How far out dense data should be pushed based on the size of the plateau. Here’s a couple of use cases for using a Plateau Radius.
- First, nearby measures could overwhelm values further away based on weighting, so you could set a plateau.
- The second is if you’re using yield data. There are a lot of data points there, so you may need to minimize the effect of those data points. You can minimize the value of the cell’s data. In essence, the harvest data from outside the cell will not influence the value of the cell if the Plateau Radius is set to the width of the header.

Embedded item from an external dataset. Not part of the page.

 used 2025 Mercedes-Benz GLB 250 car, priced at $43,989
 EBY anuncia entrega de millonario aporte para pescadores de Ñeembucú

The number used for the plateau is typically equal to the width of the header.
The following recommendations are based on research from Bob Gunzenhauser, Granular Agronomy Science Lead.
Set cell size to the width of applicator.
Note: For maps being presented to the user, use a smaller cell size of 20 or 30 feet and set RX cell size to application width.
Search Radius: Soil samples are taken on different intensities of grids such as 2.5 acre, 5 acre, or even 10 acre grids. On a 2.5 acre grid, each of the points are approximately 330 feet from each other. For any given location, in order to include the data from 10 points in the interpolation, a search radius of 600 feet would be suitable.This is based on picking a location in the field and drawing an ever increasing radius around the point until at least 10 sample points fall within the radius. Use the following guidelines:
- If your grid is 2.5 acres, use 600 ft search radius.
- If your grid is 5 acres, use 900 ft search radius.
- If your grid is 10 acres, use 1200 ft search radius.
Note: This means the measured value twice as far away receives ¼ of the weight.
(ex: 2 squared equals 4, of which ¼ is the inverse)
Bob’s caveat: “We are interpolating in between known sample points, and the further we are between points the more error there can potentially be. Interpolation will always produce inaccurate answers in between known sample points, but the goal here is to be “less inaccurate.”
Bob’s interpolation analysis did not use a Plateau Radius, so he can’t confirm this would improve the results or not.